Was Margery blushing? It was too dark to tell. She definitely had a sparkle in her eyes.
“Do I see dance lessons in your future?” Helen asked.
“I already know how to dance,” Margery said. “But he is good-looking.”
“You may have beaten the curse of apartment 2C,” Helen said.
“I hope so.” Margery’s lighter flared in the darkness as she set fire to a Marlboro. “Seems like I rented that place to every shyster in South Florida. The last two tenants tried to steal me blind.”
“Don’t forget the one who became a nine-hundred-number psychic,” Helen said. “I see her ads on late-night TV. And I guess the con artist is still in jail.”
Margery nodded. “He’ll be there for a while. What a bum. They all looked so promising. It’s weird. My renters in the other apartments are wonderful. Somebody put a double whammy on 2C.”
“It looks like the jinx is dead now,” Helen said. “Let’s have a drink to celebrate.”
“Did someone say drink?” Peggy said.
“Awwk,” Pete said.
Pete was a Quaker parrot, bright green with sober gray trim, who spent most of his time on Peggy’s shoulder.
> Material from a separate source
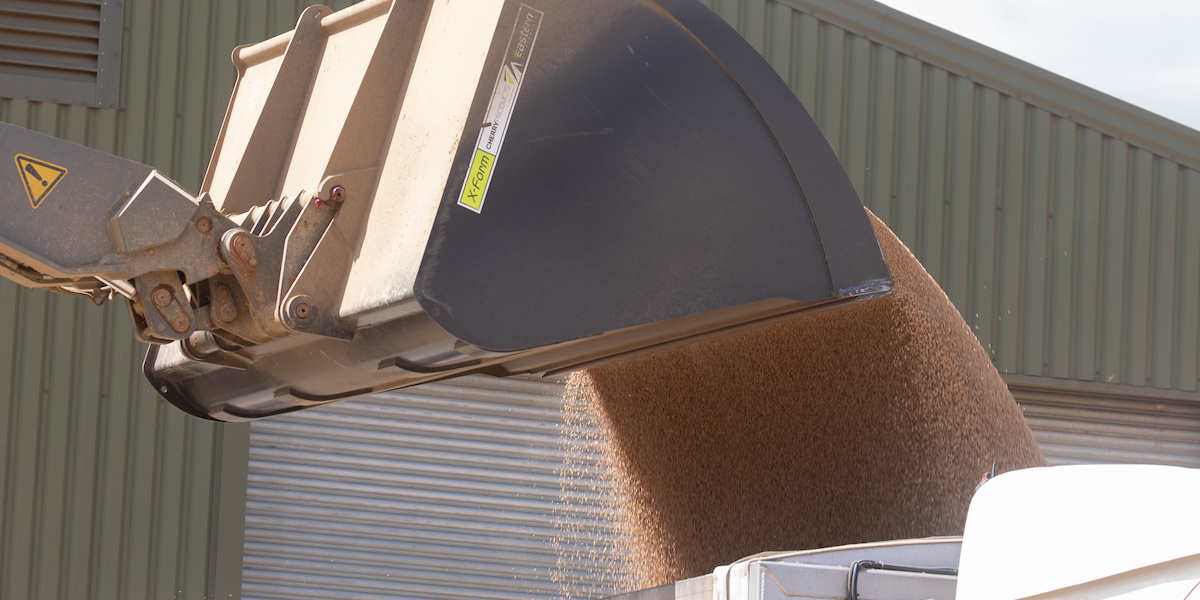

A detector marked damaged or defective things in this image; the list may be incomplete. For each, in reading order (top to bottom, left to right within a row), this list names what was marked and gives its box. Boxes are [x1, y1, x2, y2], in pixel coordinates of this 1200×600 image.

rusty bolt [151, 286, 172, 307]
Peggy looked rather like an exotic bird herself, with her crest of dark red hair and elegant beak of a nose.
The Coronado had a no-pets policy, which meant when Margery was around, everyone pretended Pete wasn’t there. Pete sat on Peggy’s shoulder, munching an asparagus spear. Margery sat in a deck chair, smoking her Marlboro. Both held their addictions at the same angle.
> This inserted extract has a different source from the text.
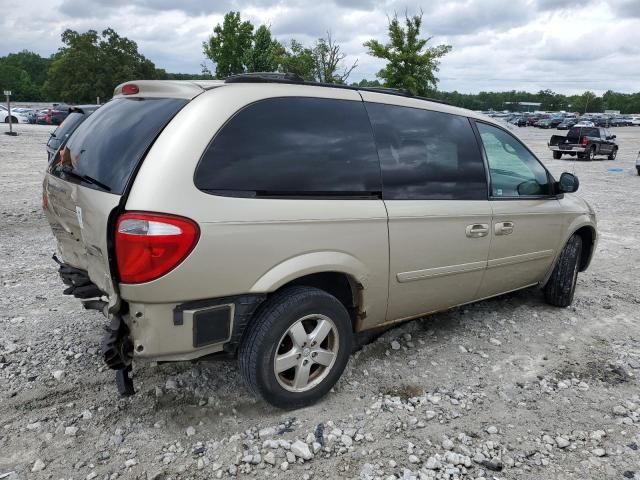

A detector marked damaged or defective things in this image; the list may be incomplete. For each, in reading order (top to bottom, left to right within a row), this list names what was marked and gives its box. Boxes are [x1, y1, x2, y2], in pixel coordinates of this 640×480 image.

“Where’s Cal the Canadian?” Helen asked after another Coronado resident. “I haven’t seen him for a while.”
“He’s visiting his grandchild in Toronto,” Peggy said.
Margery snorted a dragon spurt of white smoke. “Ha. He’s up in that icebox because he’s afraid he’ll lose his Canadian health insurance. He needs to spend a certain number of weeks in his country to qualify.”
“I can’t blame him,” Helen said. “Who can afford American health insurance?”
“Why do you defend that cheapskate after he stiffed you?” Margery blew another furious stream of smoke. Helen hoped it was from her cigarette. “Canadians are cheap,” Margery said.
“Not all of them,” Helen said.
“Oh, yeah?” Margery said. “Did you see what’s spray painted on the supermarket wall? ‘Canadians—Give us your money or go home!’ ”
“That’s all? You should see what the gangs sprayed on the walls in—” Helen almost said St. Louis. “Miami,” she finished.